While, as usual, Tranter follows the historical timeline, the details of his life are sketchy. There are no contemporary accounts of his life, the first coming eighty years after his execution. This gives the novelist a broad scope to describe the actions he led. Not that he drifts off into the fantasy that was Mel Gibson's Braveheart!

Most of the story focuses on the many small raids he conducted across Scotland before the Battle of Stirling Bridge in 1297. We don't have the details to back these up, but Tranter gives a realistic flavour of the sorts of actions he led. After Stirling Bridge, he was pitched into a leadership position he had no training for, without any meaningful support from the nobility. The nobles abandoned the field at Falkirk in 1298, leaving the Scottish schiltrons painfully exposed to English and Welsh archers.

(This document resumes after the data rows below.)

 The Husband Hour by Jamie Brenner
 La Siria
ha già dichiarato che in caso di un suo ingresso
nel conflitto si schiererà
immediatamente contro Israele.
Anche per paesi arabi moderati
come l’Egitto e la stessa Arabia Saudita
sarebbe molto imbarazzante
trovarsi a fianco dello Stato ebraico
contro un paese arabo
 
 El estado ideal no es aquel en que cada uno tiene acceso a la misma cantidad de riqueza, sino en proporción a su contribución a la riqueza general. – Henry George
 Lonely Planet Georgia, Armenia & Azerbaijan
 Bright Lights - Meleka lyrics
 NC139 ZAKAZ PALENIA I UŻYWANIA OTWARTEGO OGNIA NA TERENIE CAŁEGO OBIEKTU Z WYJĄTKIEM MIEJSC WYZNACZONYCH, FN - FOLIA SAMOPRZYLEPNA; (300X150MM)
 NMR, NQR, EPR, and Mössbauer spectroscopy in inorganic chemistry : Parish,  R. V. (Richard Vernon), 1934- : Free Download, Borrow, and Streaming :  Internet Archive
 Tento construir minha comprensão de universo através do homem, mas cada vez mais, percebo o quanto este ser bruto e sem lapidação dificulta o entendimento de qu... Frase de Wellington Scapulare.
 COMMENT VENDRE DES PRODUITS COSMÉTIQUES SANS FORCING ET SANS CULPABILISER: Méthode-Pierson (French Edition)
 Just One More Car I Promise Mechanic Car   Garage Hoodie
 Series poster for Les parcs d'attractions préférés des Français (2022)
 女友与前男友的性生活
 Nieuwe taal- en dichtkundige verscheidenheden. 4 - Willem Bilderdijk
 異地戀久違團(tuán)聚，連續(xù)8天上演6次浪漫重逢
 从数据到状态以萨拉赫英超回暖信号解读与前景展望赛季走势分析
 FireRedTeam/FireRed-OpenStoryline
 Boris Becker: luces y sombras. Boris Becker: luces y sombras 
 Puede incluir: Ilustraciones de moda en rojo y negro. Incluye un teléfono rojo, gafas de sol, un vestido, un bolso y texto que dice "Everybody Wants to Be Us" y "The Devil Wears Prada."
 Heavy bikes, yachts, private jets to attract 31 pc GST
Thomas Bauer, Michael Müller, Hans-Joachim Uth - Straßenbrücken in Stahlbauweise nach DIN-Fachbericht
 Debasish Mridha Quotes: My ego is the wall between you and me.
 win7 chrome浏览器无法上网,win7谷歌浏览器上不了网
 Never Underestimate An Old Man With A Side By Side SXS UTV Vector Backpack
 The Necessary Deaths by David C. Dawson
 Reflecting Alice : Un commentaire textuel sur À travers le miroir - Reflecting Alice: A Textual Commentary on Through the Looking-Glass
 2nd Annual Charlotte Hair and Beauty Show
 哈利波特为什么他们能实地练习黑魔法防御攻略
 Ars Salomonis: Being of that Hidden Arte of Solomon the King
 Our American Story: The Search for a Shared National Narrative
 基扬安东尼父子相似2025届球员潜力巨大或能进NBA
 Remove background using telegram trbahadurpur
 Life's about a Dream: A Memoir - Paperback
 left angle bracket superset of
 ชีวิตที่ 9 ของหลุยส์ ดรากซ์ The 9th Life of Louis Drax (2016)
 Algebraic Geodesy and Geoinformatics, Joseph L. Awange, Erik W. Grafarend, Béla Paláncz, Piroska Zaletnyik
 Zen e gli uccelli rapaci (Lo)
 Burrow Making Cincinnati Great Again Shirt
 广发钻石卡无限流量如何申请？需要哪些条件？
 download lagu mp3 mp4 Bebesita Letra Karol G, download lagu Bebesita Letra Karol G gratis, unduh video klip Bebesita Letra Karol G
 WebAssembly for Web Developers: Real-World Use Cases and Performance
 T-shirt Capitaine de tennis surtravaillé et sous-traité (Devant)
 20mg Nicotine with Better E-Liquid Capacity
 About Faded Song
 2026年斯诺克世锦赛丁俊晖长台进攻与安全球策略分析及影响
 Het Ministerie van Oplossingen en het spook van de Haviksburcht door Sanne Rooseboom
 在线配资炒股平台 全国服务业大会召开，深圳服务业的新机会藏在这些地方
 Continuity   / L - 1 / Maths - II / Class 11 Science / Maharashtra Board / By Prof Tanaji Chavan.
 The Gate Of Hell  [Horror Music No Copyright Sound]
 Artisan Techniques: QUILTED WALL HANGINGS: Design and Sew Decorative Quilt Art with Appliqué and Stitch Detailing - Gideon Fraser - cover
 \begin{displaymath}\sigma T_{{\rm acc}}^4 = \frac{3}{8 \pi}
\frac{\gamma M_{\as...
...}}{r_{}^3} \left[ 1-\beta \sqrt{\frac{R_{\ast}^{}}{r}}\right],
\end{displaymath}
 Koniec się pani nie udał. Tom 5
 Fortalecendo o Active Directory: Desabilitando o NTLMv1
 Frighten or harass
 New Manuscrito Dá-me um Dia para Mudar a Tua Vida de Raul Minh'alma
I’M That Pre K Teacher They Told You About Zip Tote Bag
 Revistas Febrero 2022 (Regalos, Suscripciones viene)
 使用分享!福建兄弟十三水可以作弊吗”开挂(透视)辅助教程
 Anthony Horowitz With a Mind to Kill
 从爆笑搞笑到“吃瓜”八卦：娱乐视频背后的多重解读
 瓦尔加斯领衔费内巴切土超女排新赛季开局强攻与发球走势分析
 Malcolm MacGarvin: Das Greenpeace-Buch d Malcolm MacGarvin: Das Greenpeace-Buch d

While there is some evidence that Wallace went abroad after Falkirk, Tranter uses a considerable licence to describe Wallace's campaigns leading French forces at Bordeaux. He almost certainly went to Rome to plead Scotland's case to the Pope, and he may have gone to Norway, a trip Tranter ignores. Wallace was probably not best suited to diplomacy.

Tranter captured Wallace's uncompromising nature in a period when the nobility was prepared to compromise their positions when it was expedient to do so. Modern nationalism played no part in their calculations. He is more sympathetic than most historians in his treatment of Bruce. He even has him rescuing Wallace at Falkirk, which is unlikely. Wallace remained loyal to King John, which would not have endeared him to Bruce. 

Wallace was executed as a traitor to a King he never swore fealty to. Yet, he remained true to his almost unique code of honour. So, while he failed to achieve his objectives, he should at least be remembered for that.